Seiring dengan menetesnya air tebu di mesin pemeras, Nasib ibu satu anak ini pun berubah. Dalam sehari ia mampu meraup keuntungan antara Rp 50 ribu hingga Rp 100 ribu. Bahkan jika pembeli cukup ramai jumlah itu bisa bertambah. Kondisi itu berbeda dengan sebelumnya, yakni ketika Sundari hanya menjadi ibu rumah tangga. Ia hanya sibuk mengurus anak dan suaminya. Tak ada penghasilan. "Saya baru tiga bulan berjualan es tebu," katanya berkisah, Jumat (3/12/2010).

Meski gerobak untuk berjulan es tebu terkesan sederhana, namun modal yang dikeluarkan untuk memulai bisnis manis itu tidak sedikit. Sundari menjelaskan, untuk membeli alat pemeras lengkap dengan diesel kecil, ia harus merogoh kocek sebesar Rp 3 juta. Belum lagi untuk membeli peralatan lainnya seperti gelas, gerobak dorong, serta meja-kursi dari plastik. "Kalau ditotal ya sekitar Rp 5 juta," ungkapnya merinci.

Sembari mengusap keringatnya, Sundari bercerita, jika cuaca panas, ia mampu menghabiskan 1 kwintal tebu per hari.
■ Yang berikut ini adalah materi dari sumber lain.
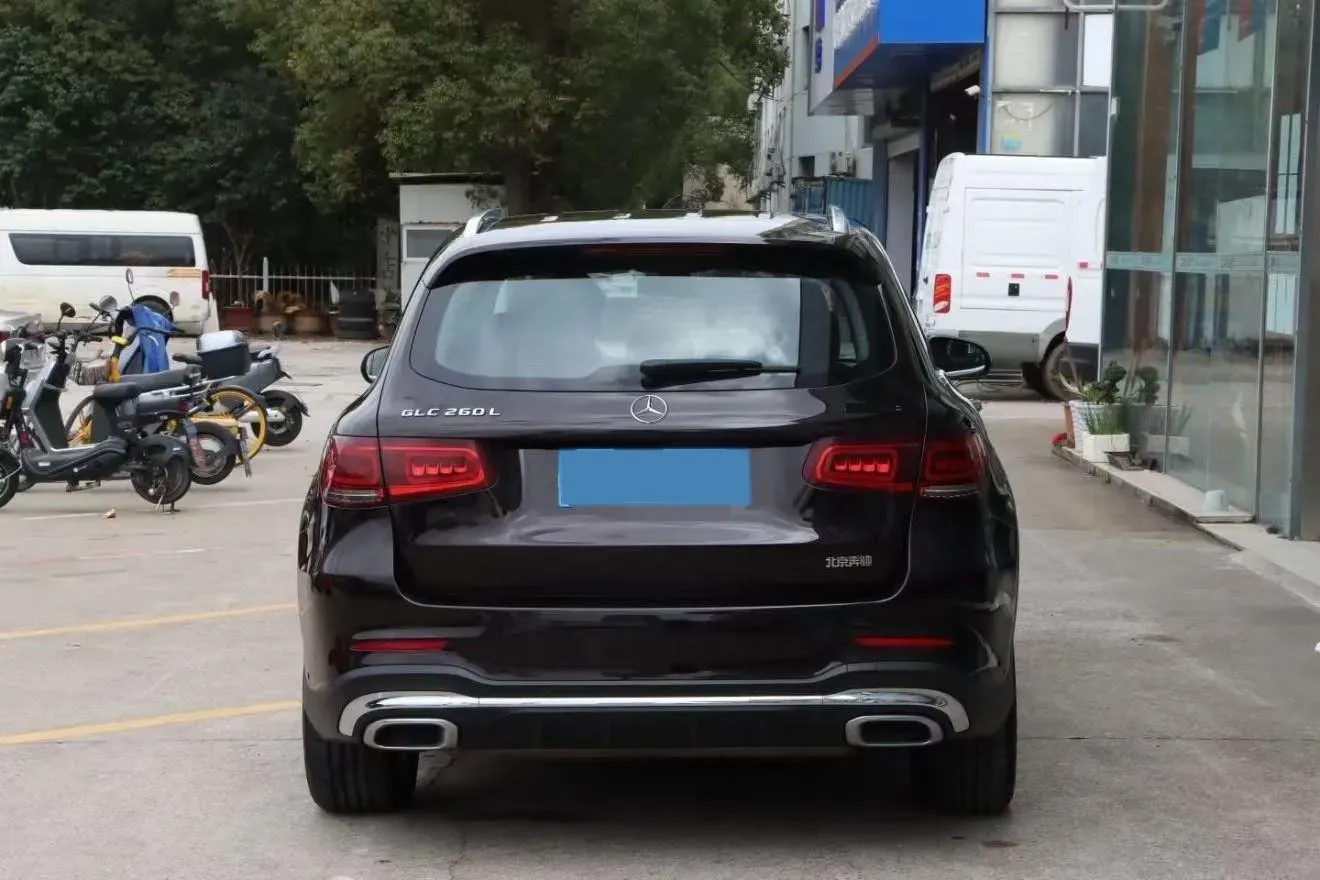 2022 Mercedes-Benz GLC Class 2.0T 197HP L4 9AT,autocango,china used car exporter,china ev exporter,chinese used car exporter,chinese used ev exporter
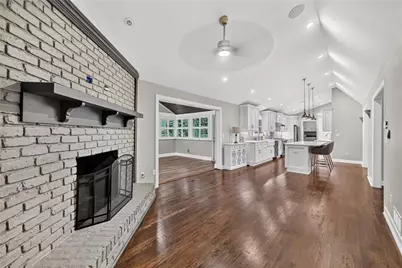 3009 Greenoaks Circle NE, Atlanta, GA 30345 - Photo 11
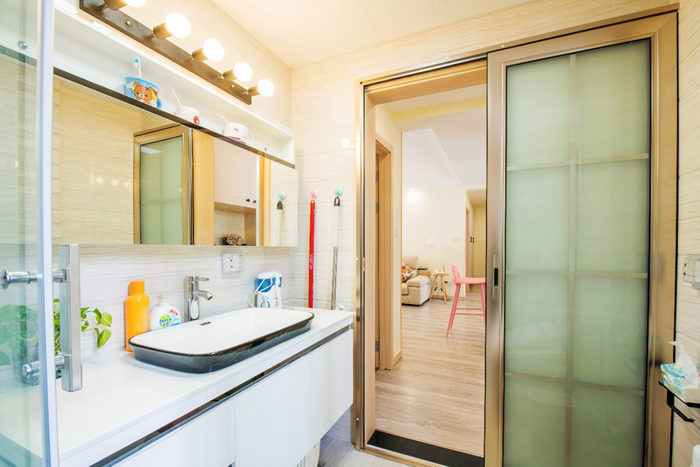 珠海裝修前必看，選購衛(wèi)生間的門需要注意哪些問題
Namun jika cuaca kurang bersahabat alias hujan, ia hanya mampu menjual setengahnya saja, yakni 0,5 kwintal. Ia lalu menjelaskan bahwa setiap kwintal tebu batangan harganya Rp 78 ribu.

Yang mencari bahan baku, kata Sundari, adalah suaminya sendiri. Jika di Jombang sulit mendapatkan tebu, maka suaminya akan mengambil tebu dari daerah Tulungagung. "Satu kwintal tebu yang sudah diperas, kemudian dijual dalam bentuk es tebu akan menghasilkan uang sekitar Rp 200 ribu. Lumayan hasilnya," kata Sundari dengan senyum terpulas.
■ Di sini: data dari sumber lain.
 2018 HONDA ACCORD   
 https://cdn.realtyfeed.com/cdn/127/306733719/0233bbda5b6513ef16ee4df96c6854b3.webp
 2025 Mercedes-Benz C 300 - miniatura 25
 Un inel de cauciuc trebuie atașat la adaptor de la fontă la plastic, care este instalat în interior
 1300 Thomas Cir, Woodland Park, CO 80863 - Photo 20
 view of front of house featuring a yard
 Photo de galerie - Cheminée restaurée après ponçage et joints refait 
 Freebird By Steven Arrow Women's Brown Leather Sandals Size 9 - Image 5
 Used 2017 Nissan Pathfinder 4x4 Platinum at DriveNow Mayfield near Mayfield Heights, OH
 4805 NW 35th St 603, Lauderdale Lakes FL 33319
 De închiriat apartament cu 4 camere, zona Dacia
Hari masih siang. Cuaca yang seharusnya panas perlahan berubah. Hal itu menyusul datangnya awan yang menutupi langit. Pembeli es tebu di gerobak Sundari mulai sepi. Meski demikian, ibu satu anak ini kembali menyalakan mesin pemeras. Air sari tebu kembali tertampung memenuhi teko. [suf]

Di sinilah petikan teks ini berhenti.